___ Record excerpts

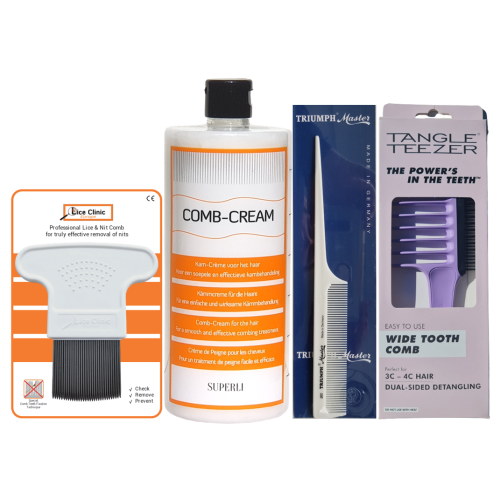 Kit de Peigne Crépus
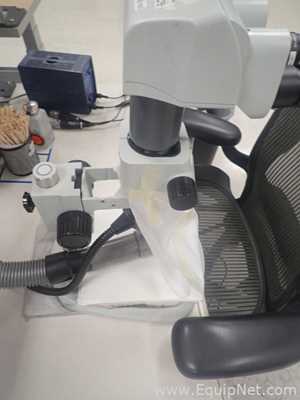 Olympus SZX7 Stereo Microscope With Light Source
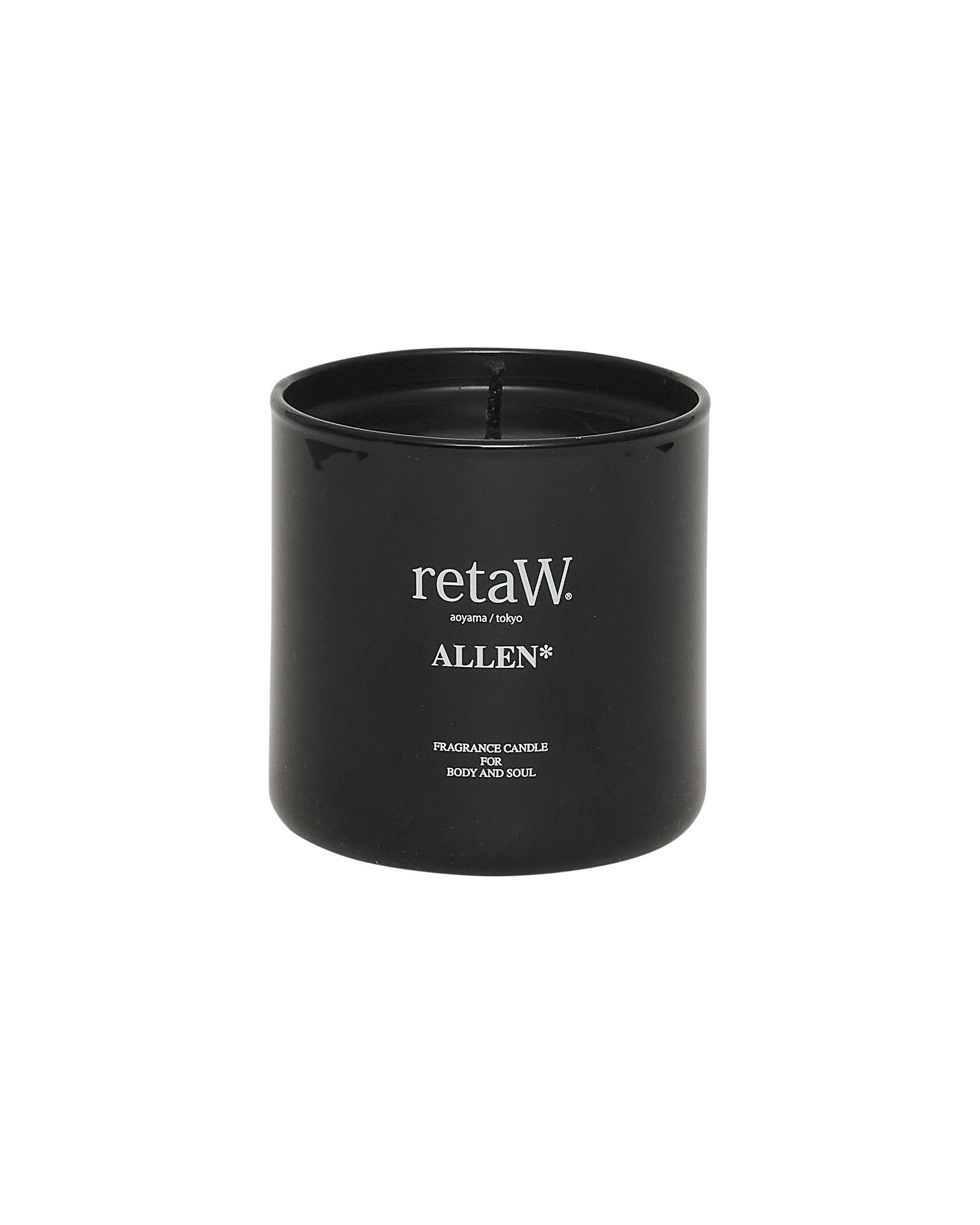 retaW Allen Black Homeware Candles RTW-233 BLACK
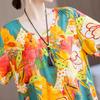 Abiti estivi eleganti taglie forti Abiti vintage oversize a maniche corte larghi da donna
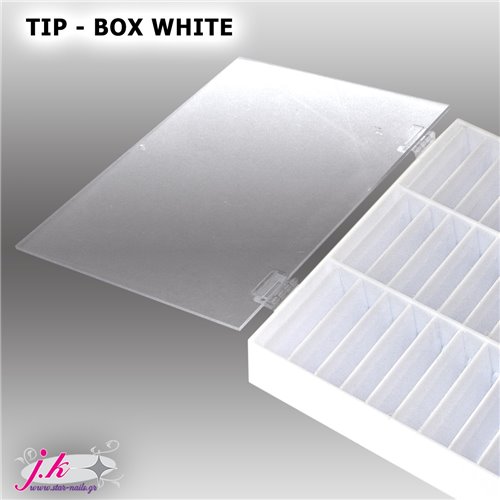 TIP BOX WHITE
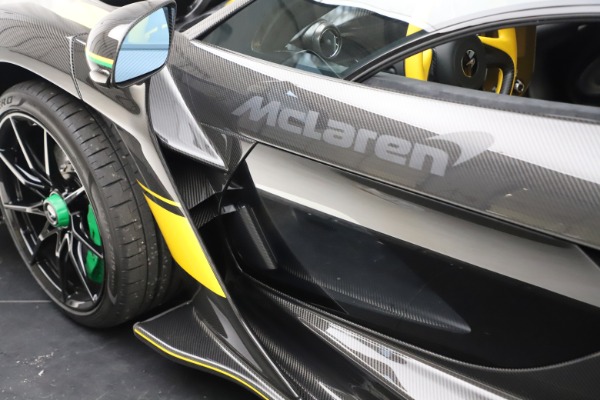 Used 2019 McLaren Senna for sale Sold at Pagani of Greenwich in Greenwich CT 06830 26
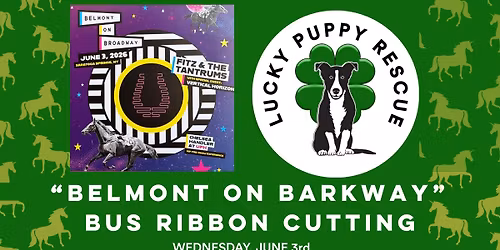 "BELMONT ON BARKWAY" BUS RIBBON CUTTING EVENT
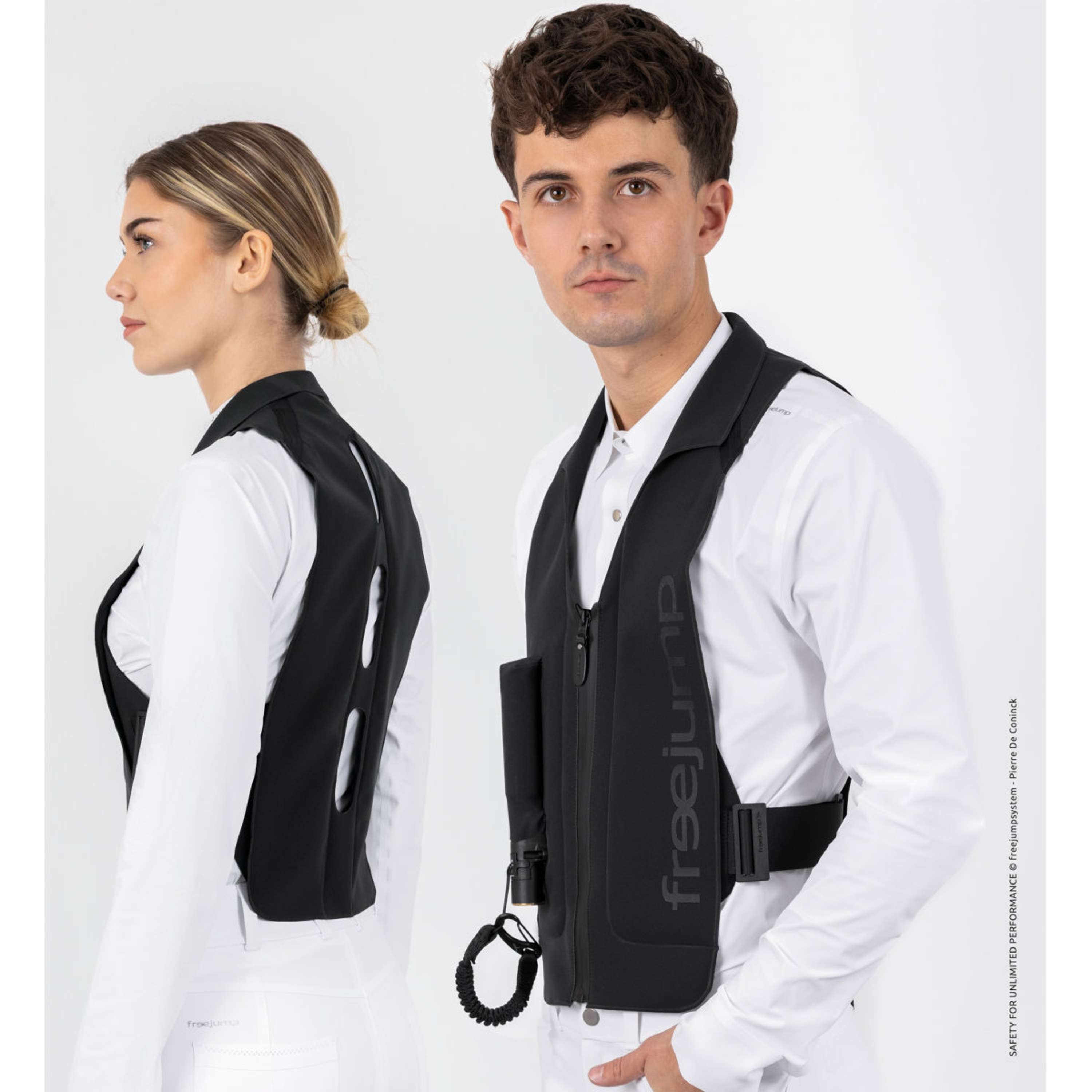 Freejump Airbag Plume Men Black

______

Directions
Print only the lines from the first line of the data above through the one containing "Used 2019 McLaren", exactly as they are, with pictures omitted.

Result of this task
 Kit de Peigne Crépus
 Olympus SZX7 Stereo Microscope With Light Source
 retaW Allen Black Homeware Candles RTW-233 BLACK
 Abiti estivi eleganti taglie forti Abiti vintage oversize a maniche corte larghi da donna
 TIP BOX WHITE
 Used 2019 McLaren Senna for sale Sold at Pagani of Greenwich in Greenwich CT 06830 26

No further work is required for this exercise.